After smoke we wrap with HD foil, Throw in a whole stick of butter and finish it off. Never dry.


----------



## bigfishtx (Jul 17, 2007)

Big problem with Brisket is you have two different muscles together, and the flat is thinner without much fat. I have had good luck separating the flat and point at 160, then wrap the flat and take it to 205. The Point can cook to 205 unwrapped and render a lot of the fat out of it doing this. If you want to cube it and make burnt ends it is an easy process once they are separated.


----------



## Pods (Jan 11, 2006)

Thanks for all the responses/tips. I guess i will make another attemp in the near future.

Pods


----------



## HAYBL (Nov 14, 2006)

Get right back after it if you can. I know it makes for a long day but when the time comes that you produce what you think is a great brisket, it makes it worth it.
Keep it simple too when smoking. I'm a simple salt and pepper person and I like to run my pit at 260 and then cook based on like fattrout said, "the brisket will tell you when it's done". I have preferred the butcher paper over foil that last few cooks but just my preference. For me, it's kept the bark firmer and that's what I like.

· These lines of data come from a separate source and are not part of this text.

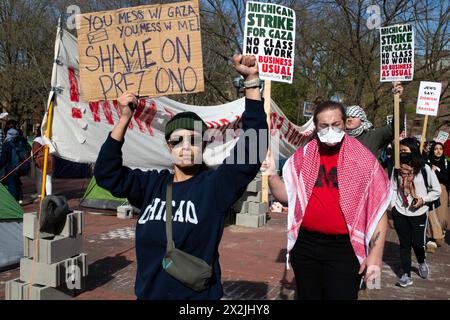 Ann Arbor, Michigan, Stati Uniti. 22 aprile 2024. Le persone protestano nel DIAG del campus dell'Università del Michigan. (Credit Image: © Mark Bialek/ZUMA Press Wire) SOLO PER USO EDITORIALE! Non per USO commerciale! Crediti: ZUMA Press, Inc./Alamy Live News Foto Stock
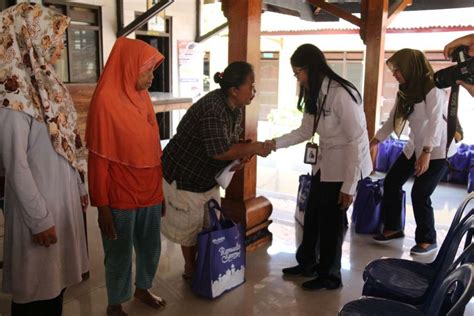 Program Bina Lingkungan Adi Soemarmo Bagikan Sembako Untuk Warga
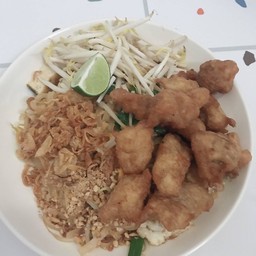 ผัดไทย ไก่กรอบ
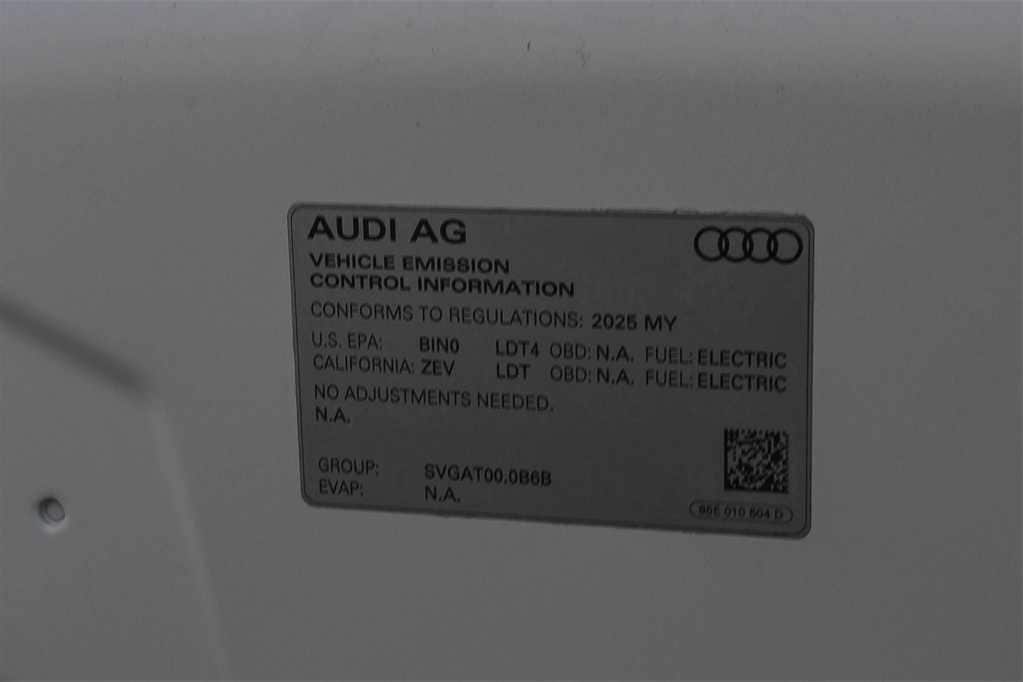 Thumbnail: 2025 Audi Q6 e-tron - 27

Good luck on your next one!


----------



## Phat Boy (Apr 4, 2015)

HAYBL said:


> Get right back after it if you can. I know it makes for a long day but when the time comes that you produce what you think is a great brisket, it makes it worth it.
> Keep it simple too when smoking. I'm a simple salt and pepper person and I like to run my pit at 260 and then cook based on like fattrout said, "the brisket will tell you when it's done". I have preferred the butcher paper over foil that last few cooks but just my preference. For me, it's kept the bark firmer and that's what I like.
> 
> Good luck on your next one!


X2

When you get to that point where you cook one on point and are amazed at the finished product it makes it all worth it. I have used foil in the past but will only used BP from now on. I thought the last foiled brisket was a bit too beefy and the last BP briskly was phenomenal. Personally I never go by temp, I'll smoke for about 8hrs or so or until it gets to a mahogany color or a bit darker then wrap and finish when it proves like butter. Another way to check tenseness is how jiggly it is, but it takes a few times to get it perfect...

Good luck!

Sent from my iPhone using Tapatalk


----------



## everwaysmith (Feb 24, 2011)

*Brisket*

We always go to 185 and you get a great brisket, just fork tender. Use a digital temp gage and it will ping you when you get to 185. Put in thickest part of meat, not in fat. We noraml don't wrap unless we are leaving them on as the fire cools to keep them warm. Wrap as you take it off and place in ice chest. Let it sit a couple of hours....


----------